DATA UNDER STUDY: Begin

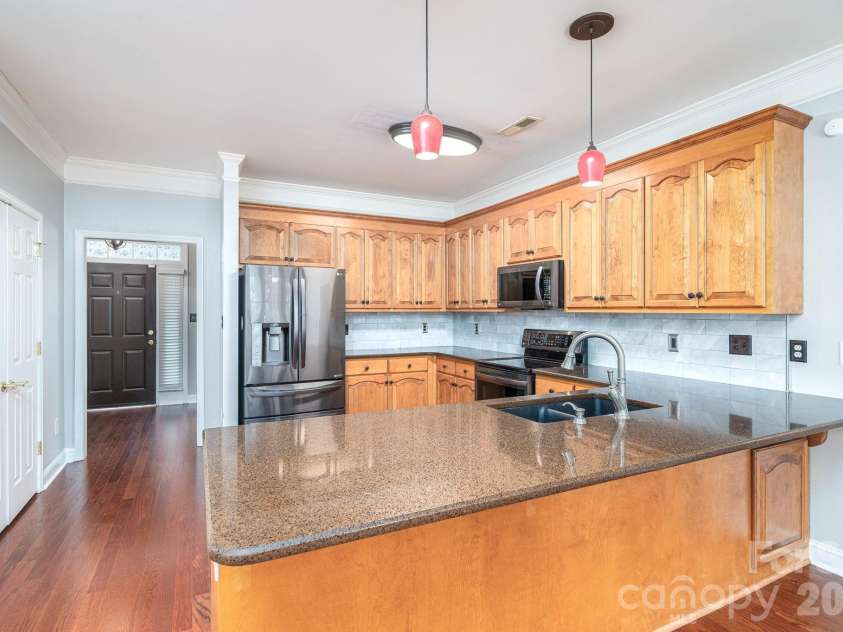 5308 Old Course Drive, Cramerton, NC 28032.  MLS# CAR4411801, YatesRealty ID 42439. 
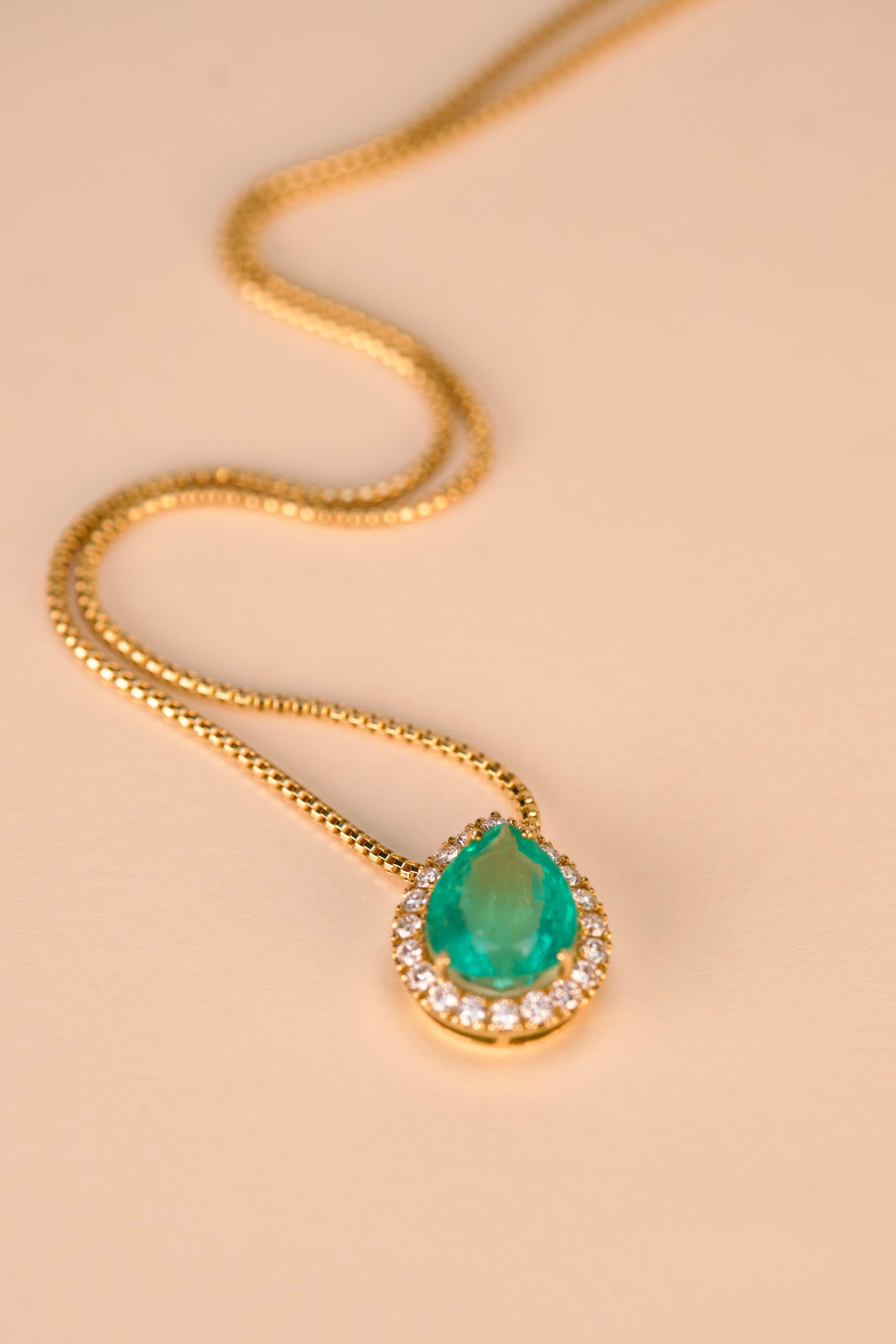 Collier à pendentifs en or jaune avec émeraudes et diamants en vente 1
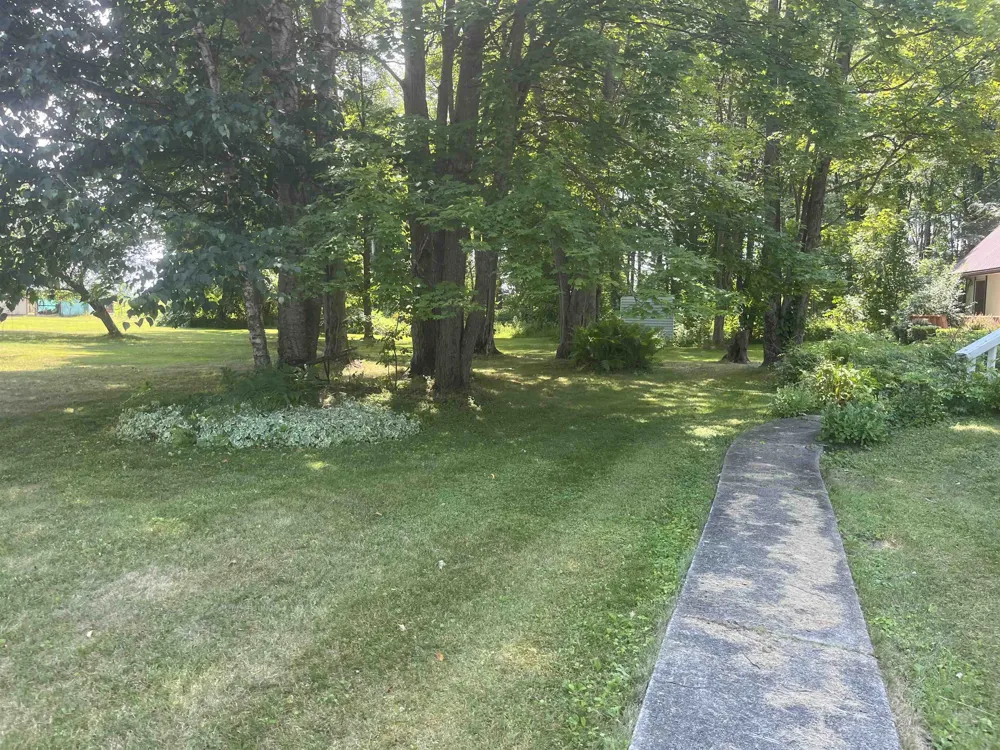 2354 E Huron Au Gres Township, MI 49703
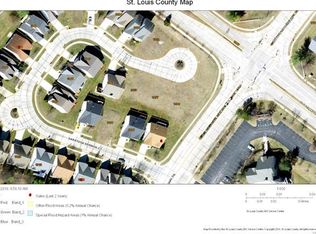 1077 Saratoga Springs Ct, Florissant, MO 63034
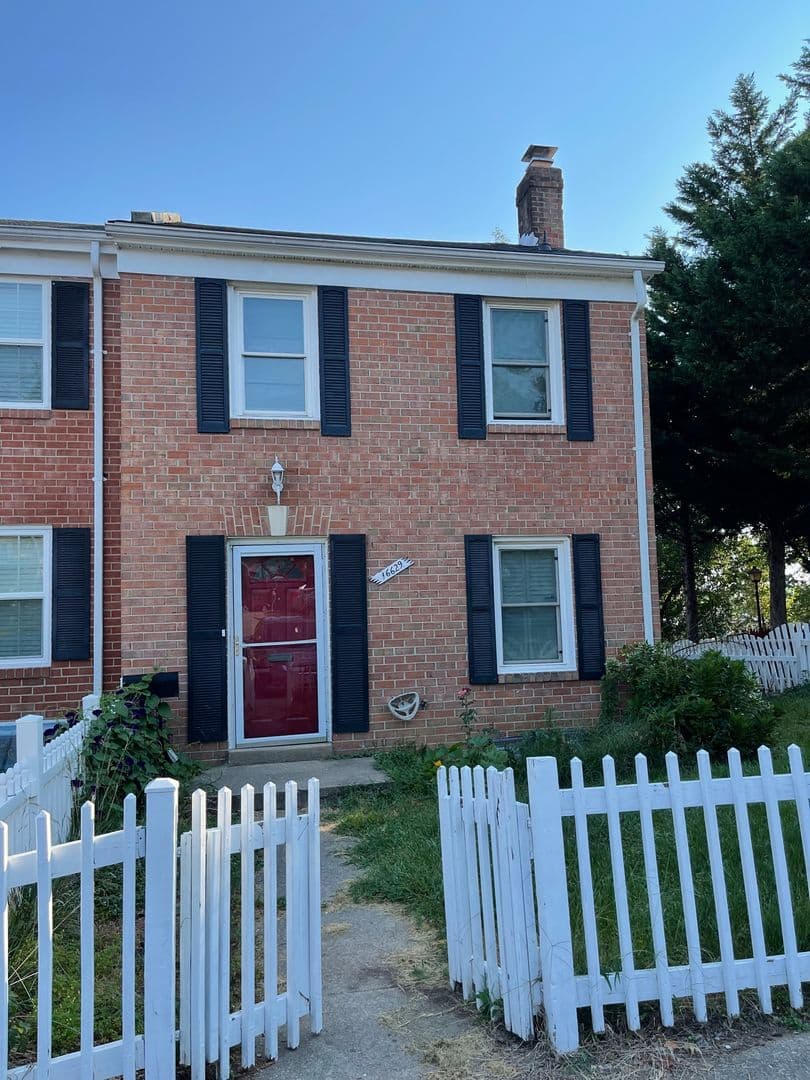 Woodbridge House: 16629 Geddy Ct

DATA UNDER STUDY: End

*TASK OBJECTIVE*.
Copy each line above precisely, dropping the pictures.

*OUTPUT OF THE EXERCISE*.
 5308 Old Course Drive, Cramerton, NC 28032.  MLS# CAR4411801, YatesRealty ID 42439. 
 Collier à pendentifs en or jaune avec émeraudes et diamants en vente 1
 2354 E Huron Au Gres Township, MI 49703
 1077 Saratoga Springs Ct, Florissant, MO 63034
 Woodbridge House: 16629 Geddy Ct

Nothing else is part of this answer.